Экстремальным примером возможностей динамичного религиозного руководства является «основная линия» буддистского движения в Южном Вьетнаме. Почти постоянные военные действия в стране на протяжении жизни последнего поколения и политически деструктивные последствия правления режима Дьема привели к коллапсу социальных и политических структур в стране, в то время как ее экономика сократилась до размеров локального натурального сельского хозяйства, а города зависят от американской помощи. В этой ситуации новые экономические, политические и социальные силы стали очень слабыми, а группы, основанные на старых религиозных привязанностях, — единственными значимыми гражданскими силами во вьетнамском обществе. Наряду с основным буддистским движением, возглавляемым Тхи Три Кваном и другими региональными лидерами, существует следующая расстановка сил (на начало 1968 года).
Хоа Хао Ноа Нао: реформированная буддистская группа с большим количеством приверженцев в южной части страны (дельта Меконга). Ее лидеры ориентированы на участие в политике и, за исключением локальных прочных союзов, настроены против южновьетнамских партизан. Имеются данные, что они создали рудименты вооруженной милиции.
Као Дай: важная буддистская секта со своей историей участия в политике.
Бьен Хуэн: небольшая, но очень активная полусекта, полутайное общество. Она сильна главным образом в районе Сайгона, и прежде чем режим Дьема отказался от ее услуг, в руках секты была полиция города — и его преступный мир. Секта находилась под влиянием тайных китайских обществ из местности по берегам реки Чолон, и результатом репрессий против нее со стороны режима Дьема стало не ее разрушение, а уход в подполье.
Католики: до падения режима Дьема католическое меньшинство подчиняло себе буддистское большинство.
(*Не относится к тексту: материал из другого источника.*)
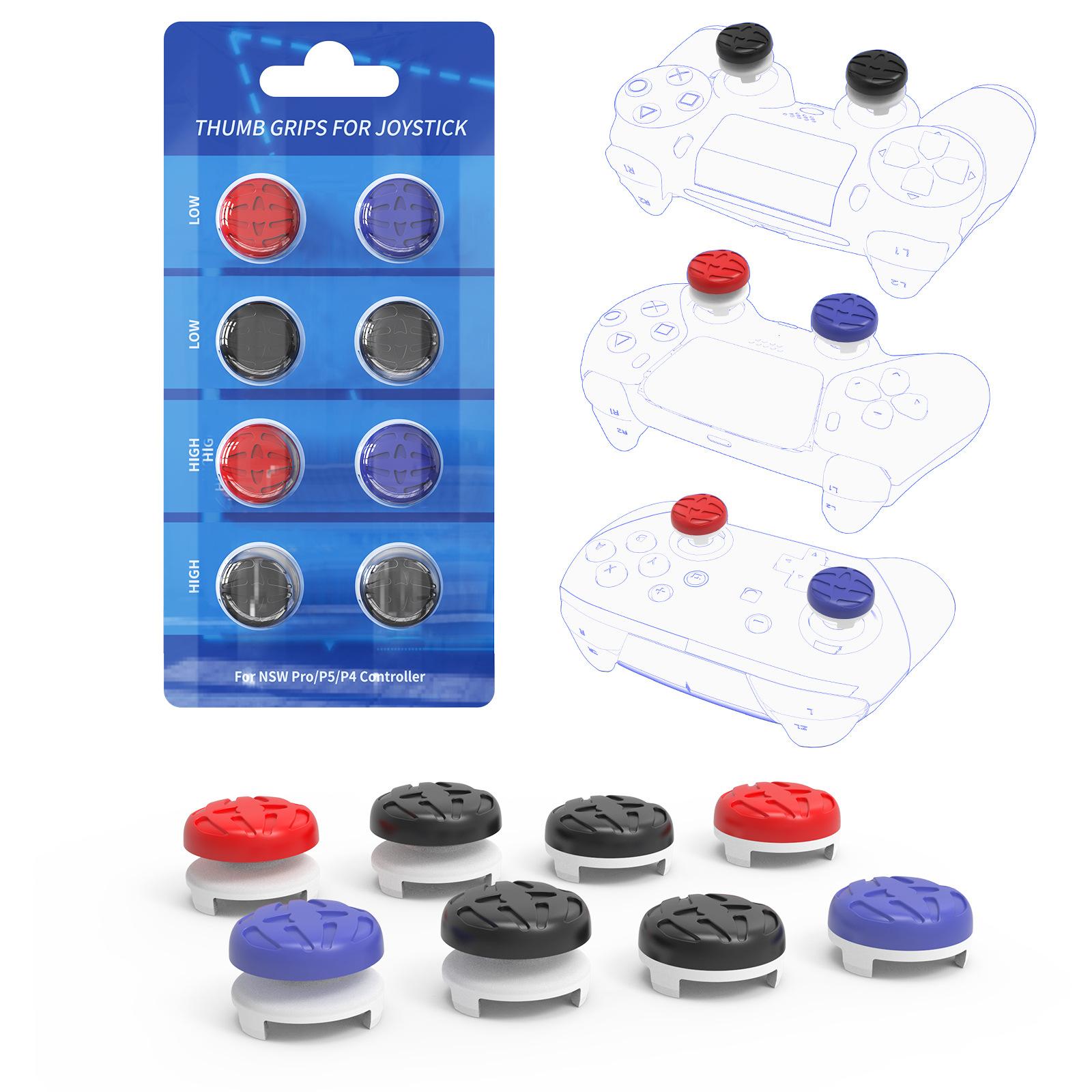 

JYS JYS-P5147 8Pcs для PS5/PS4/Switch Pro Controller Rocker Button High Low Cap Set Rocker Elevated Cap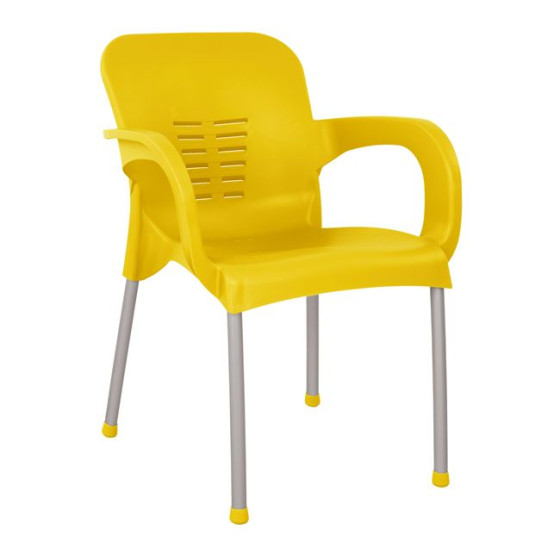 Aluminum armchair KAREK HM5592.09 yellow color with aluminum leg 59x58x81 cm.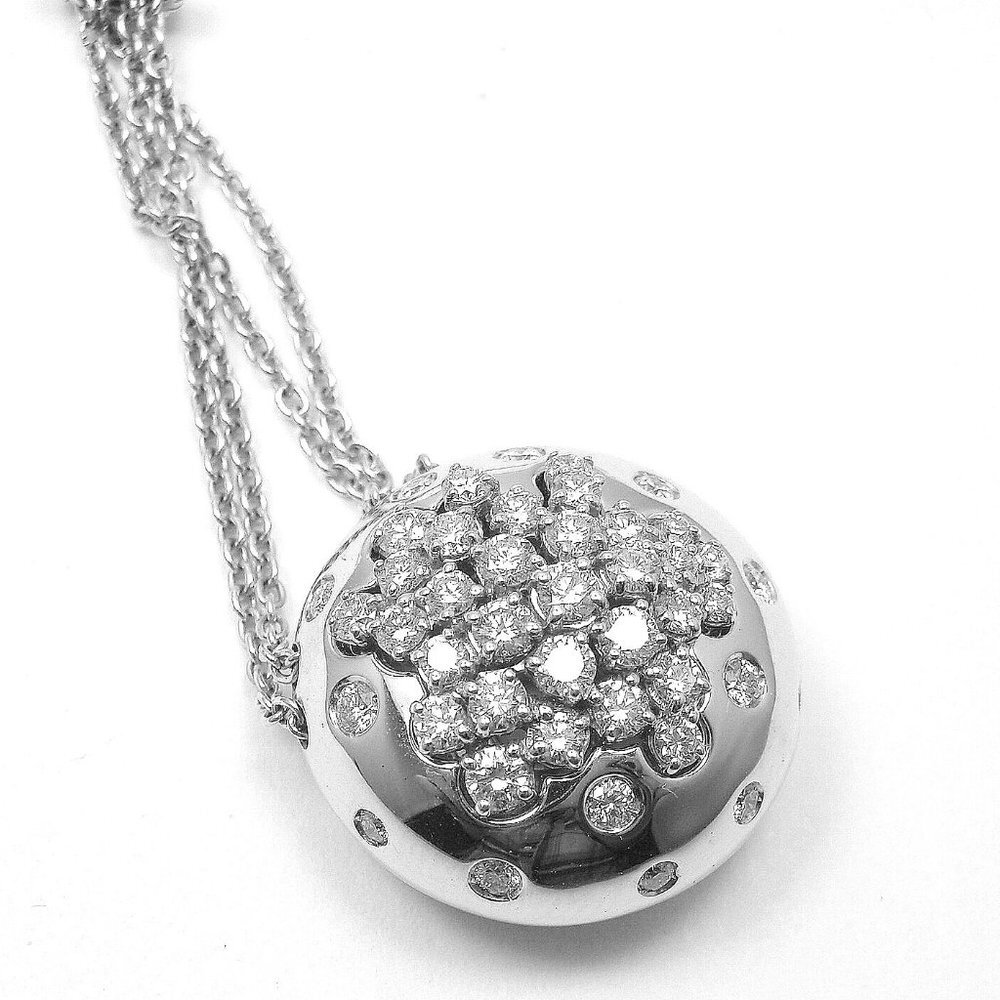 Authentic Damiani 18k White Gold Diamond Drop Cluster Pendant Necklace - Picture 5 of 12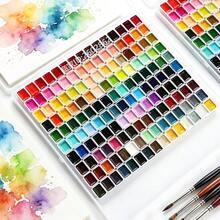 180色純色水彩顏料套裝，含亮金色粉末顏料塊，專業級品質，適合旅行藝術工具組 - 套裝 - 查看 19
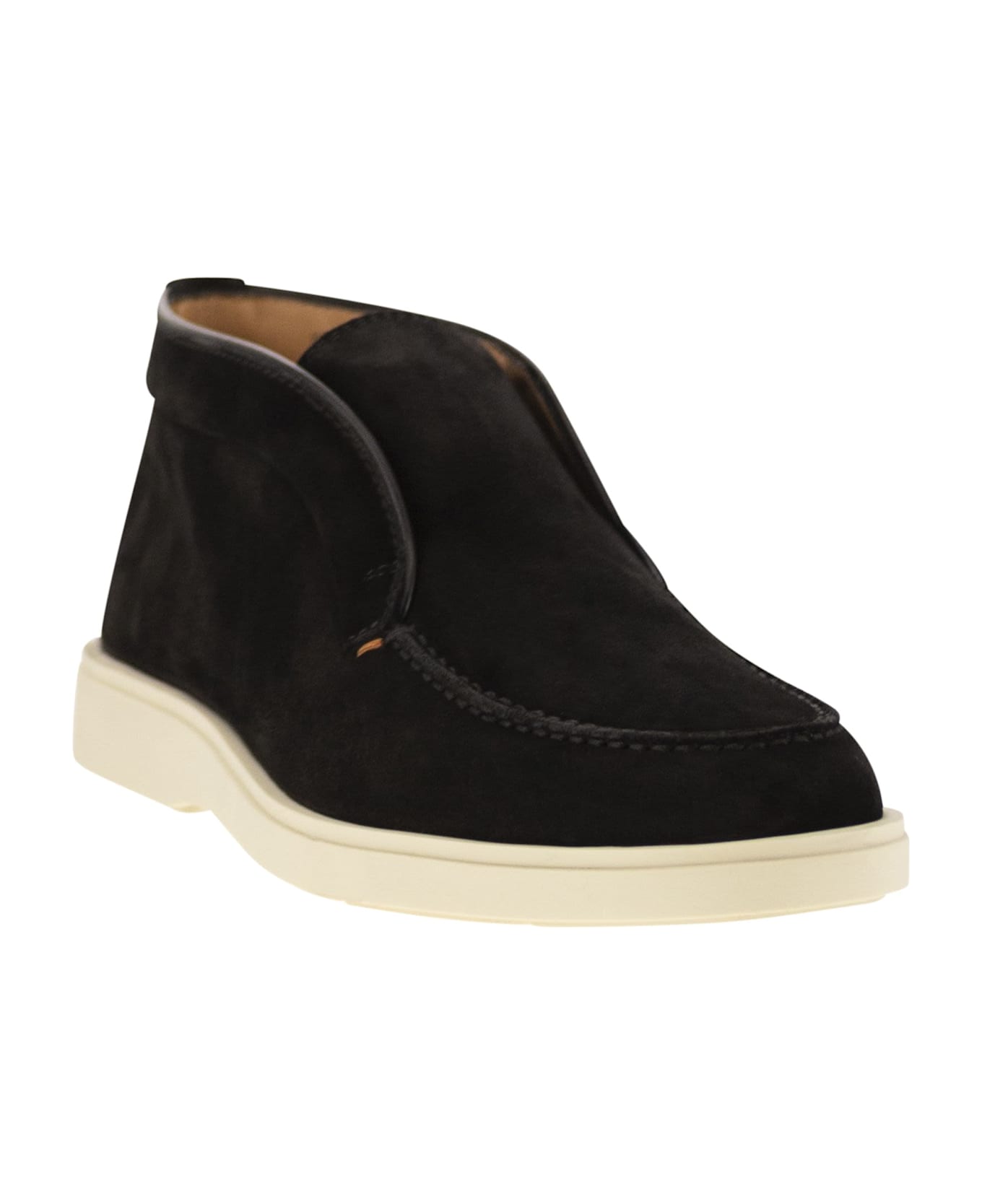 Santoni Suede Desert Boot - Black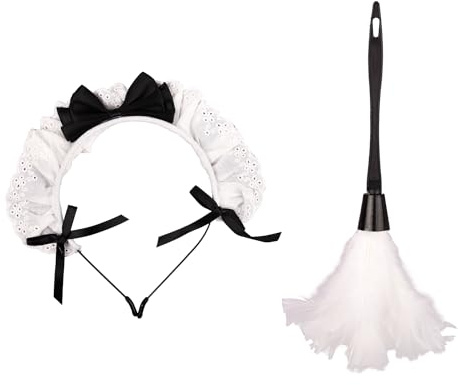 MEISH Lot de 2 accessoires de soubrette française - Bandeau en dentelle à volants - Plumeau Lolita - Pour femme - Décoration de fête d'Halloween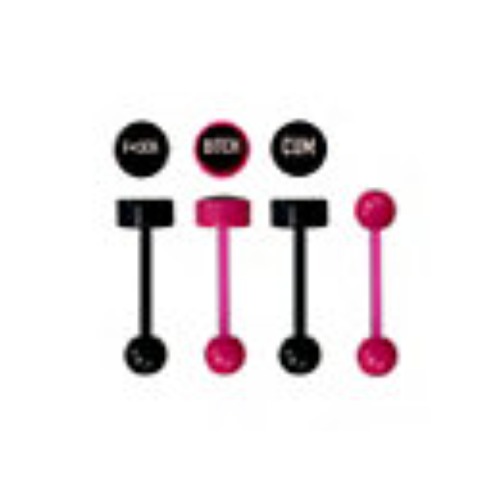 Multi-Pack Curse Words Barbells 4 Pack - 14 Gauge - Spencer's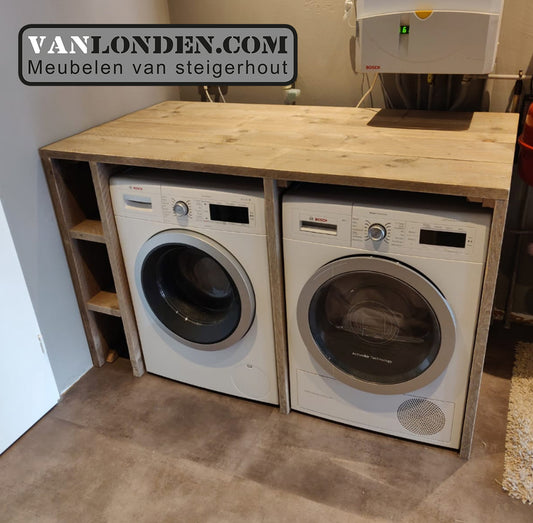Steigerhouten wasmachine ombouw Mieke
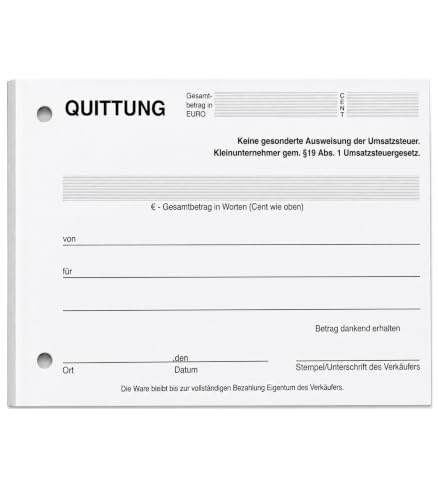 1x Quittungsblock Kleinunternehmer 19 A6 quer 100 Blatt gelocht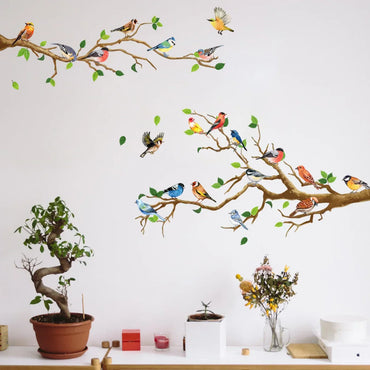 Chinese Style Vintage Bird Sticker Living Room Sofa Wall Decor Stickers Mural Art 3D Tree Branch Green Leaves Stikers (Online Order Only)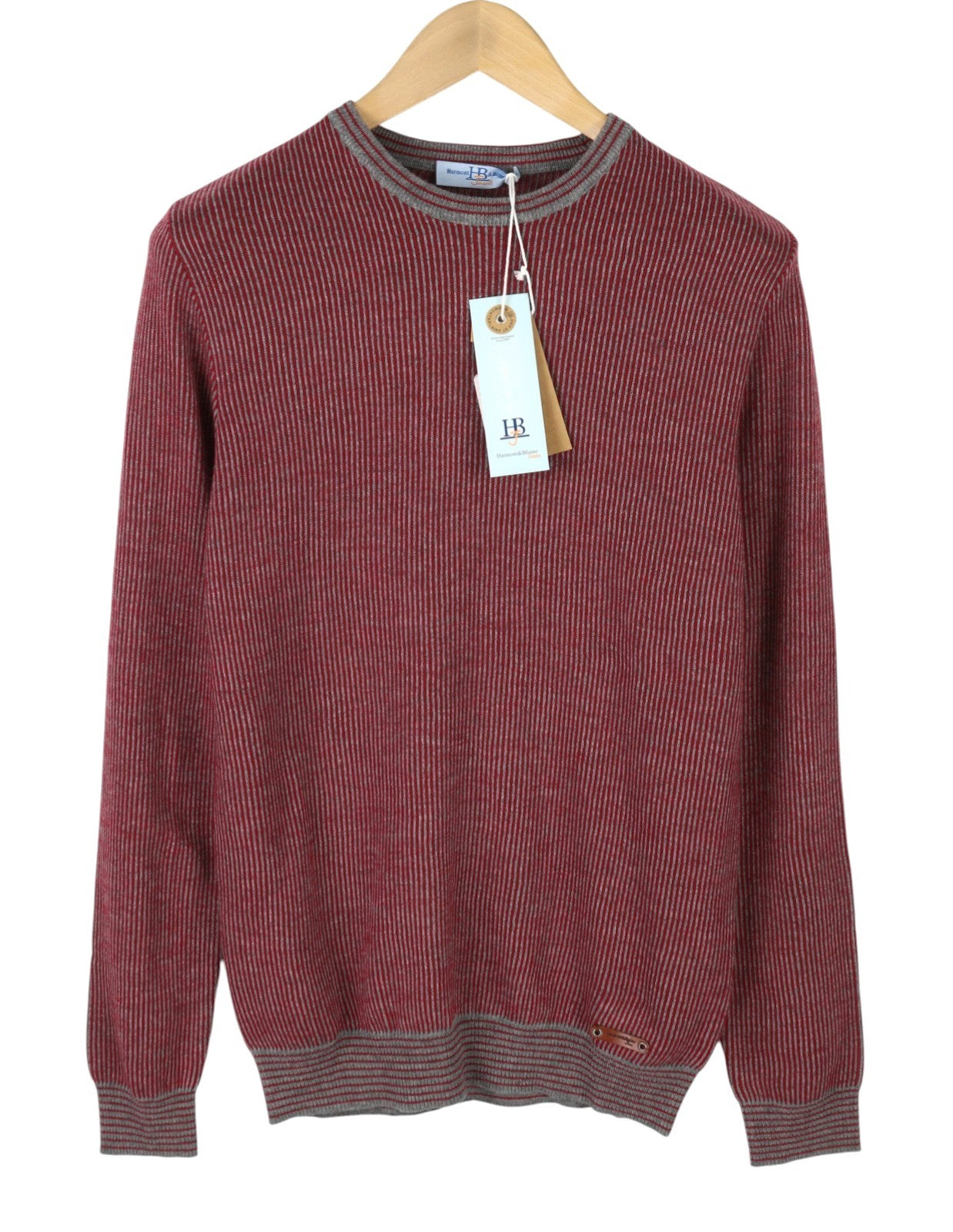 HARMONT & BLAINE Men Jumper M Red Pinstriped Wool Blend Knit Pull On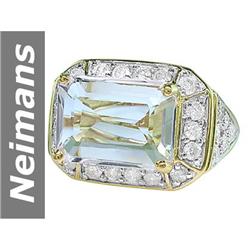 8.32 ct White Morganite & Diamond Ring 14kt Gold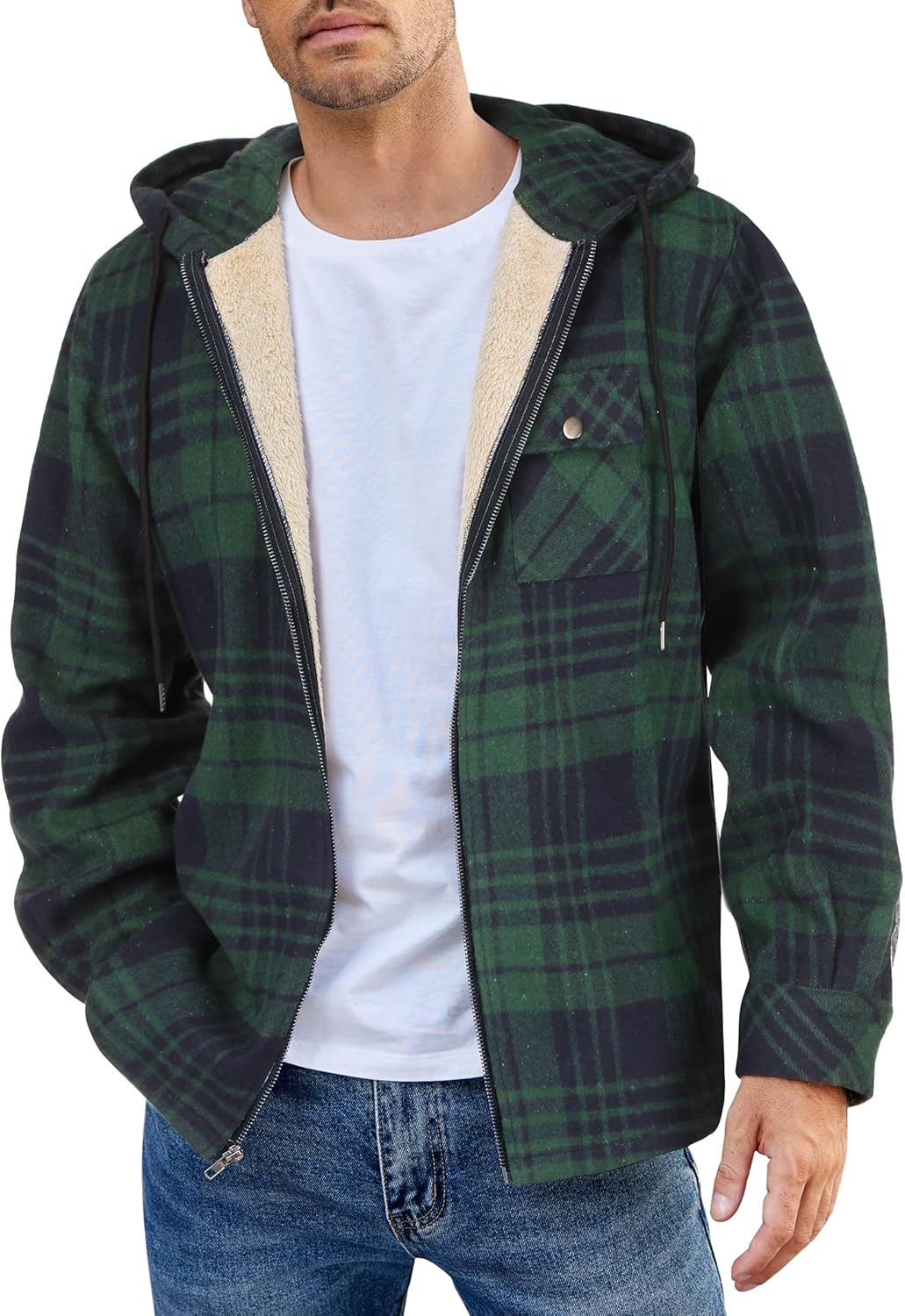 COOFANDY Men's Flannel Fleece Jacket for Warmth and Style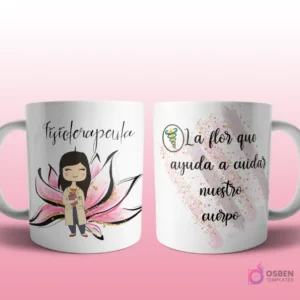 Mug mockup con diseño de ingeniera civil caricaturizada de cabello oscuro con casco y planos, sobre fondo de flor rosa con brillos y frase 'La flor que planea y proyecta nuestros sueños'.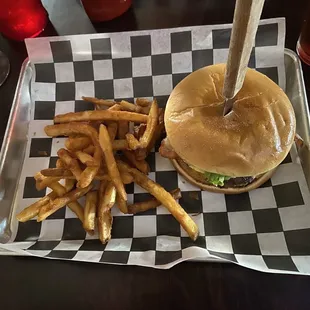 Hawaiian burger and fries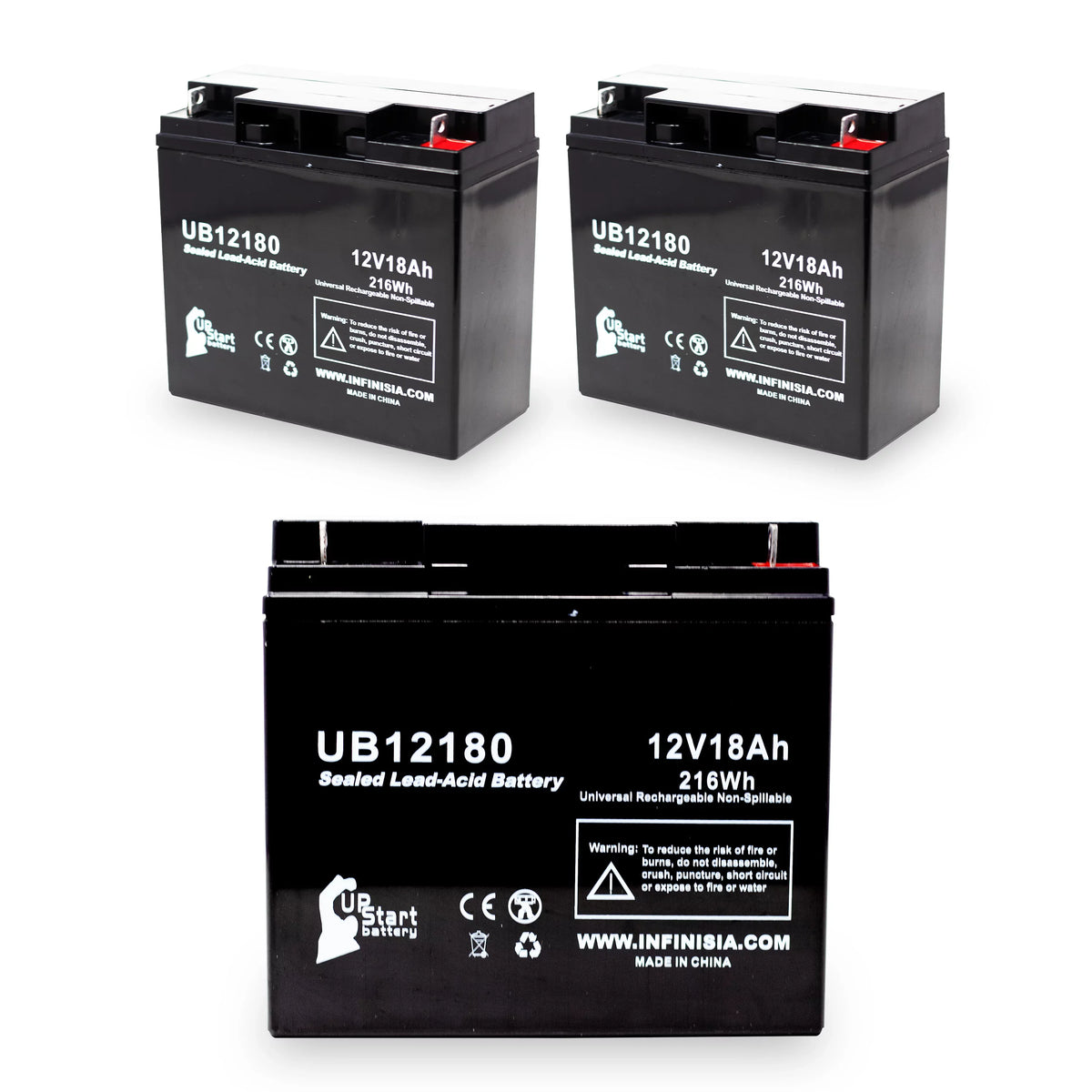 3x Pack - matching CSB BATTERY OF AMERICA GP12170B1 Battery - Replacement UB12180 Universal Sealed Lead Acid Battery (12V, 18Ah, 18000mAh, T4 Terminal, AGM, SLA)
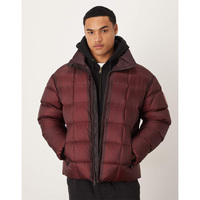 Veste d'hiver pour homme en PU recyclé de qualité supérieure, doublure chaude en coton, rembourrage en coton, veste matelassée hybride réversible, fermeture éclair brodée sur le devant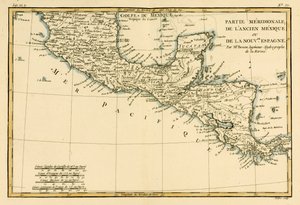 メキシコ南部、ギヨーム・レイナル著「地球のすべての既知の部分の地図」（1713-96）から1780年にジュネーブで出版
Многие из членов южновьетнамской католической общины являлись беженцами с севера страны; при французах многие католики активно сотрудничали с колониальными властями и служили во французских вооруженных силах. Сейчас, когда, как представляется, Юг Вьетнама идет по такому же пути, который избрал Север в 1954 году, католическая община оказалась в отчаянном тупике. Их деятельность против возможного прокоммунистического переворота (или переворота, который выступал бы просто за мир с южновьетнамскими партизанами) была бы немедленной и, возможно, очень эффективной.